(Short web captions)

════════

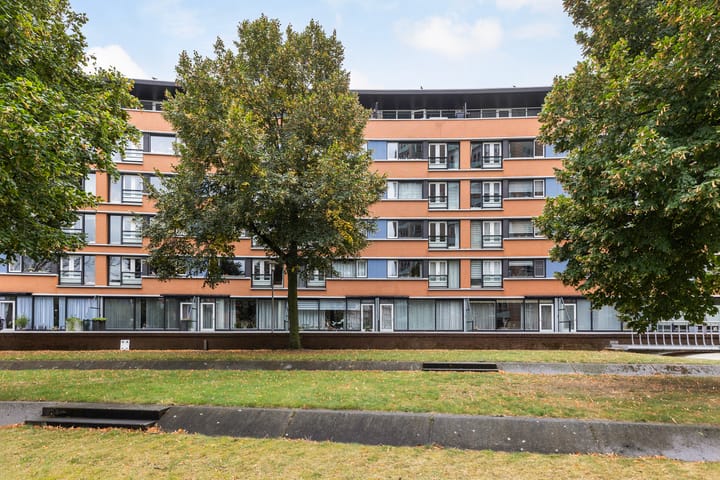 Kanaalstraat 308 in Apeldoorn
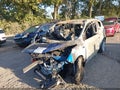 2017 Ford Escape — photo 6 of 15 | VIN 1FMCU0GD3HUC75548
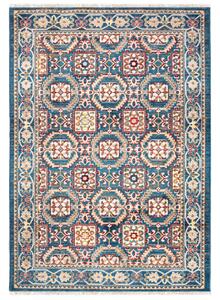 Kusový koberec Monet modrý 140x200cm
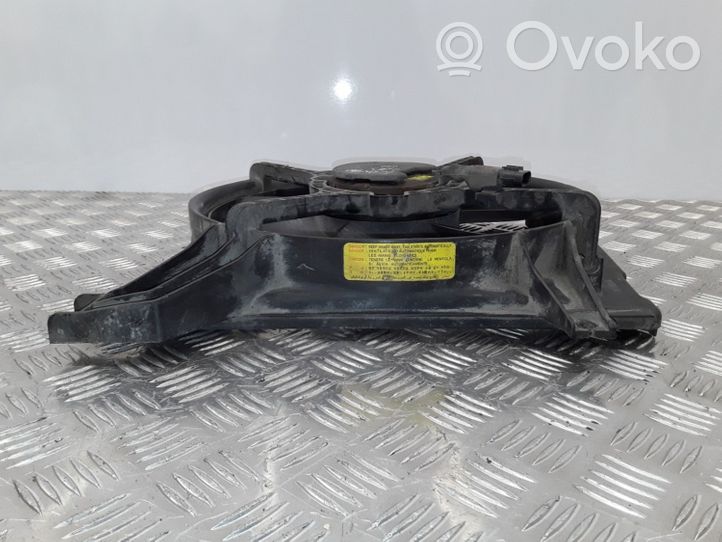 Hyundai Elantra Set ventola 253862D400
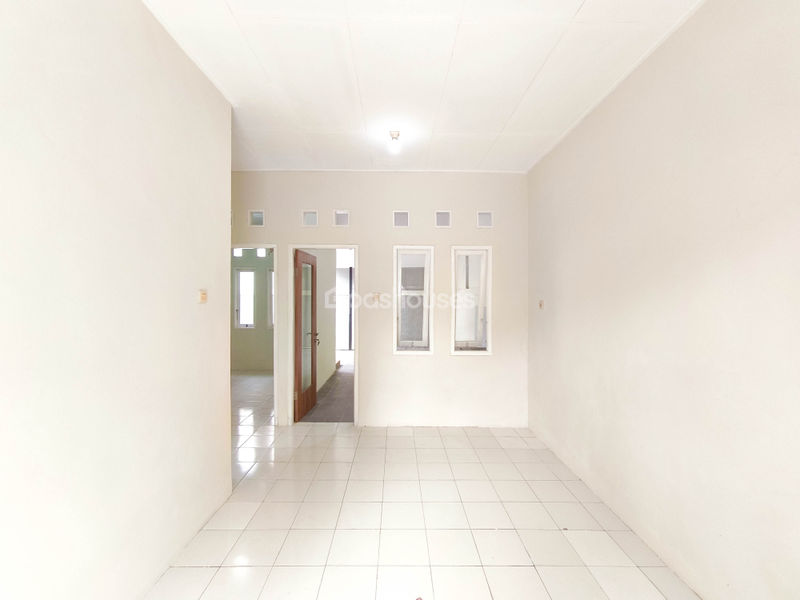 Perumahan Karawaci Residence Blok B5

════════

→ Work task
All entries above, minus the pictures, should be repeated exactly.

→ Exercise output
 Kanaalstraat 308 in Apeldoorn
 2017 Ford Escape — photo 6 of 15 | VIN 1FMCU0GD3HUC75548
 Kusový koberec Monet modrý 140x200cm
 Hyundai Elantra Set ventola 253862D400
 Perumahan Karawaci Residence Blok B5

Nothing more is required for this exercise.